**Exercise brief**. In the listing below, locate the line containing "Chuck Jones - WALT" and the line containing "Lake Erie Wind". Output both of them and every line between, exactly as written, and nothing more.

Start of Block

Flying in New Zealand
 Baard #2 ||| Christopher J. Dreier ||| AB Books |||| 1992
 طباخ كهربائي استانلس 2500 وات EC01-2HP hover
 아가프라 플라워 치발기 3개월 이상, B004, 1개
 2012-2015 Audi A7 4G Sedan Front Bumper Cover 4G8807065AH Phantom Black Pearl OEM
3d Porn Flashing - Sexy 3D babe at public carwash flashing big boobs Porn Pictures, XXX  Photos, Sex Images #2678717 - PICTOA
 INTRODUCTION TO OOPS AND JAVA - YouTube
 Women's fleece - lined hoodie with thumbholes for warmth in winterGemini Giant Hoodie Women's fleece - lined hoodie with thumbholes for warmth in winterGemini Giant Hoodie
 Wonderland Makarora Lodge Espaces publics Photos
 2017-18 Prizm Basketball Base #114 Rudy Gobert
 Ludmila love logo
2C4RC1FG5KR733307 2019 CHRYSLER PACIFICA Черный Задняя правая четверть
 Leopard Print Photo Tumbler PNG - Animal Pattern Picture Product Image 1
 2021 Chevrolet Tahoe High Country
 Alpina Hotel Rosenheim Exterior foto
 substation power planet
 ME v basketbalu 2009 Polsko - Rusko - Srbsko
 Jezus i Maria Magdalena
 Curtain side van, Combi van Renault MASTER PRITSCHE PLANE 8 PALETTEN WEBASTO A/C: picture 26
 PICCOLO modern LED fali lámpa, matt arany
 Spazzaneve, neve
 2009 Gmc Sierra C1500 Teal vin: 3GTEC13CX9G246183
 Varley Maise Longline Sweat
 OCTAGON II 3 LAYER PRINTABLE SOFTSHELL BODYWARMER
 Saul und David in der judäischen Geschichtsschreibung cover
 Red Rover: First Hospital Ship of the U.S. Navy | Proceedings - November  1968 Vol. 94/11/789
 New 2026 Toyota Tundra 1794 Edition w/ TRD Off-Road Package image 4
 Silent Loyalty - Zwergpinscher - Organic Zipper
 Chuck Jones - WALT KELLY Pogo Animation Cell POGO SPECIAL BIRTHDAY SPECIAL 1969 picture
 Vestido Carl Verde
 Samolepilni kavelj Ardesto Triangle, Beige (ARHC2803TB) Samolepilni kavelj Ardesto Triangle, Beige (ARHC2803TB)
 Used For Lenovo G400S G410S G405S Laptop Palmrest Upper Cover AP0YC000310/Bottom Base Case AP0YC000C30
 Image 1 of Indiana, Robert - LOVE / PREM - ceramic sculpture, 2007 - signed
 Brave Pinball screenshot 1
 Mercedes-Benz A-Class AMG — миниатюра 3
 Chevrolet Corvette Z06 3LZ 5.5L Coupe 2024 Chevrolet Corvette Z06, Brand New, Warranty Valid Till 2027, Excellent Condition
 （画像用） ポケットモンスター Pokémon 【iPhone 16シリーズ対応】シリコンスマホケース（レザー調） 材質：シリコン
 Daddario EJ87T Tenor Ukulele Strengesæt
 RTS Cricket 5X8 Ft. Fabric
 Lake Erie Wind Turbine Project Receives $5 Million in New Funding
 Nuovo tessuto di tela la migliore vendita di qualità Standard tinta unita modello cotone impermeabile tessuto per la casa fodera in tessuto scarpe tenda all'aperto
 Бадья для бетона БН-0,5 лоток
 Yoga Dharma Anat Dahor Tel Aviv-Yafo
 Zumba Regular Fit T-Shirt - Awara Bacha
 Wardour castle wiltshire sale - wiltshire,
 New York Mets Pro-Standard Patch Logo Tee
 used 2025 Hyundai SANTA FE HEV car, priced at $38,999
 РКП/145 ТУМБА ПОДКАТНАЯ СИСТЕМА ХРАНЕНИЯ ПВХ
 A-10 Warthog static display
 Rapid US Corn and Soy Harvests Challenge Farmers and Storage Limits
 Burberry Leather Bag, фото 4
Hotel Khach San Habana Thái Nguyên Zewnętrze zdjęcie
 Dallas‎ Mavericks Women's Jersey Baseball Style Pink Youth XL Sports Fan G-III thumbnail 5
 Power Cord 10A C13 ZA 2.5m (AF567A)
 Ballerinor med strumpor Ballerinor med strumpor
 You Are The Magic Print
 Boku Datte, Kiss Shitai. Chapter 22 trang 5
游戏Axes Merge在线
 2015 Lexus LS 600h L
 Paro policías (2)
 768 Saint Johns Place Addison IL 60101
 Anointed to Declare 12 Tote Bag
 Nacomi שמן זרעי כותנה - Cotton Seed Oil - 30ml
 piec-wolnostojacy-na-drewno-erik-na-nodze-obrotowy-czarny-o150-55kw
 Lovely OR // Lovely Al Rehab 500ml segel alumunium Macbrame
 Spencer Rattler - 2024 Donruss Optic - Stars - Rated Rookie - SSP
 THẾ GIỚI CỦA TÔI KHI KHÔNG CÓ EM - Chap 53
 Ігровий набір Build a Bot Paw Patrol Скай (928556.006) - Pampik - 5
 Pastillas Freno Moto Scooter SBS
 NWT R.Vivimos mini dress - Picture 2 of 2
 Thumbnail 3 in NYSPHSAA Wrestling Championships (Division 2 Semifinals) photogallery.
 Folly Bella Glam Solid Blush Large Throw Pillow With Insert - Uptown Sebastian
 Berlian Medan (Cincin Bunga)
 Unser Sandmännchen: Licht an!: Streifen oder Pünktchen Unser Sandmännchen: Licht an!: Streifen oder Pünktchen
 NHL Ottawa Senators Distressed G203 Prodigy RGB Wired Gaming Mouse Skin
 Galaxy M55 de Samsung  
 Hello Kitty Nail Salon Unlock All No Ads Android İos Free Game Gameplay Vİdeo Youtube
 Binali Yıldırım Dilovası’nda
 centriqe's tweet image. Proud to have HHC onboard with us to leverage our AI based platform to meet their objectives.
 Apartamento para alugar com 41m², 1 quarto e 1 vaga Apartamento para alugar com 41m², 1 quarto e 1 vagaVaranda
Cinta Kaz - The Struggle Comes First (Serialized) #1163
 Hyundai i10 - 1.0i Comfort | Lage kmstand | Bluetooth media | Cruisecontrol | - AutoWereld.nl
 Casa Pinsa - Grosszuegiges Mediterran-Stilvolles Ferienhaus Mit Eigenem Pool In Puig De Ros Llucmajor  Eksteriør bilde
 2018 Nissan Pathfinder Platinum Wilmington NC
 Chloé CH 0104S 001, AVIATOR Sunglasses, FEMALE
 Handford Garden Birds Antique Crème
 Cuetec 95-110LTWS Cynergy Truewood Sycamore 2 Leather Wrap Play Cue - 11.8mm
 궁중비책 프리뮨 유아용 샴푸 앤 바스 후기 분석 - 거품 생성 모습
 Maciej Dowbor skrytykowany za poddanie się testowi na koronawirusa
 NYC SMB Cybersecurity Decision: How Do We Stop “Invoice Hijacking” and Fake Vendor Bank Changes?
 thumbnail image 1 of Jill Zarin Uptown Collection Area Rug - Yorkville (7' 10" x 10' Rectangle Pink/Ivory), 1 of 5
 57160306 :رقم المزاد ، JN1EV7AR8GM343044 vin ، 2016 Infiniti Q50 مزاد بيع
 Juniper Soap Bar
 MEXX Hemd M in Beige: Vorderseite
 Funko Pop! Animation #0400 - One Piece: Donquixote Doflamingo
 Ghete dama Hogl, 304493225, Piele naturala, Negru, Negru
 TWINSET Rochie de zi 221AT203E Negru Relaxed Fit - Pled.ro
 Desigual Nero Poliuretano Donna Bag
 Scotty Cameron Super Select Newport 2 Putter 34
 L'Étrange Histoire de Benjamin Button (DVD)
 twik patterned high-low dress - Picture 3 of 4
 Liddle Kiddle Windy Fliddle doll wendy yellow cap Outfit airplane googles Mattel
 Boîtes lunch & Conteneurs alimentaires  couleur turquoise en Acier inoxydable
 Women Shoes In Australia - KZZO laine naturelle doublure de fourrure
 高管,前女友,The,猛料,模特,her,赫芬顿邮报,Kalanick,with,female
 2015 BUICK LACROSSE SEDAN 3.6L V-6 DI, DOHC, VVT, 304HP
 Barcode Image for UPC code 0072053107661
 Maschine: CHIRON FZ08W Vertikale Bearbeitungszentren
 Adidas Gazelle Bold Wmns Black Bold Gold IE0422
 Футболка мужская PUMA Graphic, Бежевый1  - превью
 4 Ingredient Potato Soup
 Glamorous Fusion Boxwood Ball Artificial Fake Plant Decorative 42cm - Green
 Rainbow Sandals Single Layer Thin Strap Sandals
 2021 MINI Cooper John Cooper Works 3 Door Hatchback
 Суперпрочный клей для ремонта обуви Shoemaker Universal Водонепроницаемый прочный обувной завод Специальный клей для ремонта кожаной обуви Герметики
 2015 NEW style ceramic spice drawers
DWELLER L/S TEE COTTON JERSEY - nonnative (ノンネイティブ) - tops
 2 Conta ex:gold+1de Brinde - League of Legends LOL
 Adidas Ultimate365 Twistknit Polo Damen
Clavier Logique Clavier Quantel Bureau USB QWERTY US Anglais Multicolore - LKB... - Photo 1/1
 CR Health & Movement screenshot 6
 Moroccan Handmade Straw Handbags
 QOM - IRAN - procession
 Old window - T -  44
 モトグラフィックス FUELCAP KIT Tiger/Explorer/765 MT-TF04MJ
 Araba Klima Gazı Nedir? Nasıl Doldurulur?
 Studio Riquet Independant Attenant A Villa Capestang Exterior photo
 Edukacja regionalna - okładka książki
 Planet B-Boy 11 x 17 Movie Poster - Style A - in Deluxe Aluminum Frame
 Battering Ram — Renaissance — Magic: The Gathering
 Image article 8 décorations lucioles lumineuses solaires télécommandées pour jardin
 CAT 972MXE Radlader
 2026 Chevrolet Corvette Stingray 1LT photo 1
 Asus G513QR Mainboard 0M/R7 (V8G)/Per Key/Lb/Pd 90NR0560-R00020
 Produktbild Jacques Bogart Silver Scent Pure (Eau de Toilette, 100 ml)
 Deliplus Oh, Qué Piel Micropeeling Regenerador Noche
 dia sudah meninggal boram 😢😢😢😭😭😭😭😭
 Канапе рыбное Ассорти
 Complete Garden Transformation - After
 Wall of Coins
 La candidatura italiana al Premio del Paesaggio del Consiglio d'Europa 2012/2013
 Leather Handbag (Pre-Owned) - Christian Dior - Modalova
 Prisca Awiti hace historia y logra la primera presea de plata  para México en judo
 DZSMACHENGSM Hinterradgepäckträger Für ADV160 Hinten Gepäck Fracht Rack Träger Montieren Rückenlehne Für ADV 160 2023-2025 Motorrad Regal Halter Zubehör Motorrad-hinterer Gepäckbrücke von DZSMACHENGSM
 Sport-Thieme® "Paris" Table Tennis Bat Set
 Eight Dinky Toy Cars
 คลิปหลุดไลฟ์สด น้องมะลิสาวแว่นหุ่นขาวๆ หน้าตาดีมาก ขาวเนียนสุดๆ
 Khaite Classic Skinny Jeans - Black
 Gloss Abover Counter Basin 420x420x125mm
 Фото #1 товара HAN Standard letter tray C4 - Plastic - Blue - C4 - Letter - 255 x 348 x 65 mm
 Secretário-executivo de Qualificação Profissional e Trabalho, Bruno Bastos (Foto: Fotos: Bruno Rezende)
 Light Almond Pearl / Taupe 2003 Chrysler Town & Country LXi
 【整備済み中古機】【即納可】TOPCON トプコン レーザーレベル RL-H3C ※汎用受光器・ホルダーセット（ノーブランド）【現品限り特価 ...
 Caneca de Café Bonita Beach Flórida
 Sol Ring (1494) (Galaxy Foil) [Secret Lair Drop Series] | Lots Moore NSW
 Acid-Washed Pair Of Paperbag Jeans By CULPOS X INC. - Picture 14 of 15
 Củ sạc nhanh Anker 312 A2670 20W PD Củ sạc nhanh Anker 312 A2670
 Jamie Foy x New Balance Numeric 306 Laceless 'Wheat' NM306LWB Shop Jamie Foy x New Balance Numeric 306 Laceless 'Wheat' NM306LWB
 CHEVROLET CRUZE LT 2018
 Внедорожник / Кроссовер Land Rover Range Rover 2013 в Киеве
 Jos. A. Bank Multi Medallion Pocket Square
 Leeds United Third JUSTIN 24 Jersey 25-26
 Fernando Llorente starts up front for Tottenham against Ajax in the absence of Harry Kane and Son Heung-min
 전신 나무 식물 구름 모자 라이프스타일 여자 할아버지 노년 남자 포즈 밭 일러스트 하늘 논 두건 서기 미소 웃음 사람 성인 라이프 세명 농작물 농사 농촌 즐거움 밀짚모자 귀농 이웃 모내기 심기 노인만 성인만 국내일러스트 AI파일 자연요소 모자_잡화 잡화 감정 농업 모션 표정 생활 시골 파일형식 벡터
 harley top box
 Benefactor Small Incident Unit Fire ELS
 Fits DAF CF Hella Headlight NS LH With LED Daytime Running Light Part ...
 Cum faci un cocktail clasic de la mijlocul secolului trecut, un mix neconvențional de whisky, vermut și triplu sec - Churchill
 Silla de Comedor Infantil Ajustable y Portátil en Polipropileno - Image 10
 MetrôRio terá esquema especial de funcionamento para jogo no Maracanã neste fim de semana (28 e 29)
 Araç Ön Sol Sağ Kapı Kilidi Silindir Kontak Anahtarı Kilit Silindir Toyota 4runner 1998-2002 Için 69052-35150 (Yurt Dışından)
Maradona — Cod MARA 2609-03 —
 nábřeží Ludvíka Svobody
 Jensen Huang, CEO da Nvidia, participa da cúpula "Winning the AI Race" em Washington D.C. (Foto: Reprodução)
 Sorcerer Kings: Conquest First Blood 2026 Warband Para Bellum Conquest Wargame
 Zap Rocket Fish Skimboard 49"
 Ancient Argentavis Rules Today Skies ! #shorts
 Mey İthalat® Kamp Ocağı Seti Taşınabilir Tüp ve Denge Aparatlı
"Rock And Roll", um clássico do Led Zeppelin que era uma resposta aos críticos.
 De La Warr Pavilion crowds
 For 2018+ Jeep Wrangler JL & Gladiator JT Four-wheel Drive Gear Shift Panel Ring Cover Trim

End of Block

**Solved exercise**.
 Chuck Jones - WALT KELLY Pogo Animation Cell POGO SPECIAL BIRTHDAY SPECIAL 1969 picture
 Vestido Carl Verde
 Samolepilni kavelj Ardesto Triangle, Beige (ARHC2803TB) Samolepilni kavelj Ardesto Triangle, Beige (ARHC2803TB)
 Used For Lenovo G400S G410S G405S Laptop Palmrest Upper Cover AP0YC000310/Bottom Base Case AP0YC000C30
 Image 1 of Indiana, Robert - LOVE / PREM - ceramic sculpture, 2007 - signed
 Brave Pinball screenshot 1
 Mercedes-Benz A-Class AMG — миниатюра 3
 Chevrolet Corvette Z06 3LZ 5.5L Coupe 2024 Chevrolet Corvette Z06, Brand New, Warranty Valid Till 2027, Excellent Condition
 （画像用） ポケットモンスター Pokémon 【iPhone 16シリーズ対応】シリコンスマホケース（レザー調） 材質：シリコン
 Daddario EJ87T Tenor Ukulele Strengesæt
 RTS Cricket 5X8 Ft. Fabric
 Lake Erie Wind Turbine Project Receives $5 Million in New Funding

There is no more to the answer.